Silent War (Compass Games)

Rozgrywki indywidualne i klubowe. Sprawy organizacyjne klubów graczy.
Awatar użytkownika
Andy
Grossadmiral
Posty: 9508
Rejestracja: czwartek, 22 grudnia 2005, 18:49
Lokalizacja: Piastów

Post autor: Andy »

To Amerykanin rzucał kostką (przypomnę, bo cytat przedni: "Gdyby nie ściany mojego pokoju, pobiłbym rekord świata w rzucie kostką na odległość"). Hiszpan (może raczej Katalończyk ) pisał z kolei, że chciało mu się płakać w niektórych momentach gry. Odpowiedź autorów: "Chcieliśmy, żebyś płakał". :)

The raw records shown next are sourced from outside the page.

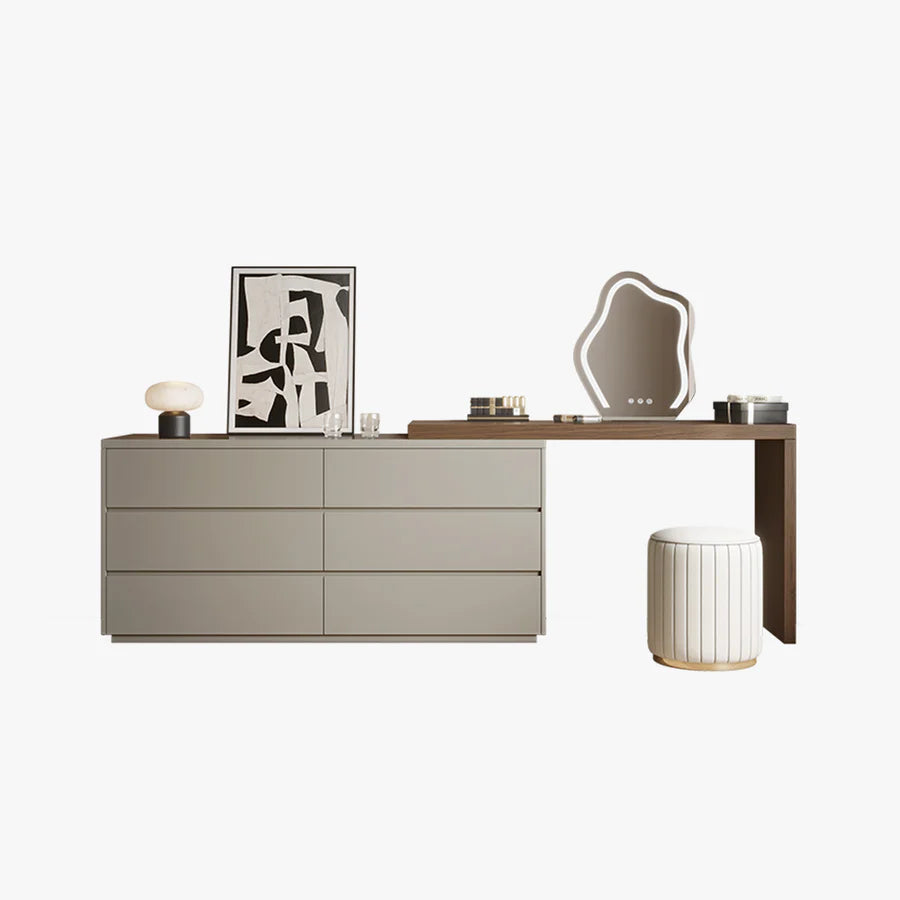 Modern Dressing Table Set with Mirror and Drawers – Sleek Timber Land Home Furniture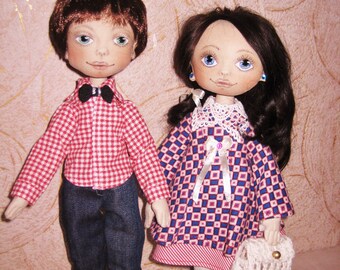 Cloth doll Hand painted face Exclusive handmade dolls Set boy girl gift Idea for girls New year gift for sisters Doll games doll Interior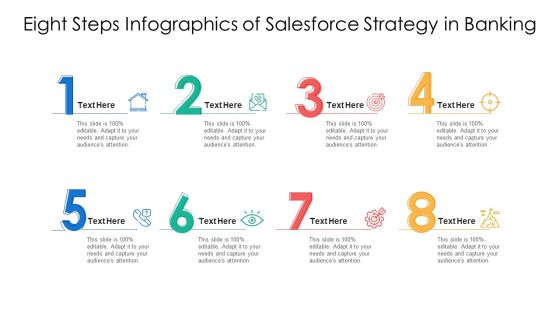 Eight Steps Infographics Of Salesforce Strategy In Banking Ppt PowerPoint Presentation Gallery Themes PDF Eight Steps Infographics Of Salesforce Strategy In Banking Ppt PowerPoint Presentation Gallery Themes PDF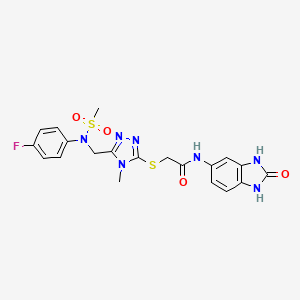 2-[(5-{[(4-fluorophenyl)(methylsulfonyl)amino]methyl}-4-methyl-4H-1,2,4-triazol-3-yl)sulfanyl]-N-(2-oxo-2,3-dihydro-1H-benzimidazol-5-yl)acetamide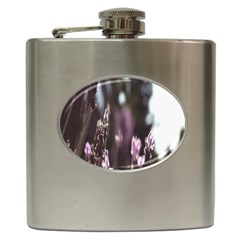 Purple Flower Pattern Hip Flask (6 Oz) by artworkshop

W dyskusjach na Consimworldzie o zapowiadanych Steel Wolves, na pytanie gracza jak będzie rozwiązany problem niebezpiecznego przejścia U-bootów przez Biskaje, Brien Miller odpowiedział: "Nie spodoba Ci się to!" :D
Awatar użytkownika
Andreas von Breslau
Kapitän zur See
Posty: 1625
Rejestracja: środa, 17 maja 2006, 12:10
Lokalizacja: Warszawa

Post autor: Andreas von Breslau »

Dodałem na Grach Wojennych informację o tym, ze zbliżają się nowe zasady wariantowe. Jak podoba Ci się formuła tego newsa, autorze?
Andy pisze:To Amerykanin rzucał kostką (przypomnę, bo cytat przedni: "Gdyby nie ściany mojego pokoju, pobiłbym rekord świata w rzucie kostką na odległość"). Hiszpan (może raczej Katalończyk ) pisał z kolei, że chciało mu się płakać w niektórych momentach gry. Odpowiedź autorów: "Chcieliśmy, żebyś płakał".
Tak naprawdę to Niemcy mieli czarną serię, przy której Donitz mógł wpaść we wściekłość. Ale raczej był smutny niż wściekły.
2 listopada 1940 zatonął jeden z U-bootów, przez cztery kolejne miesiące nie był żadnych strat. Aż tu nagle, w marcu 1940, zatonęło ich kilka. Co prawda zimą nie było bitew konwojowych, a w marcy się zaczeły, ale co to byli za kapitanowie! Prien, Schepke i Kretschemer, as asów! To dopiero czarna seria.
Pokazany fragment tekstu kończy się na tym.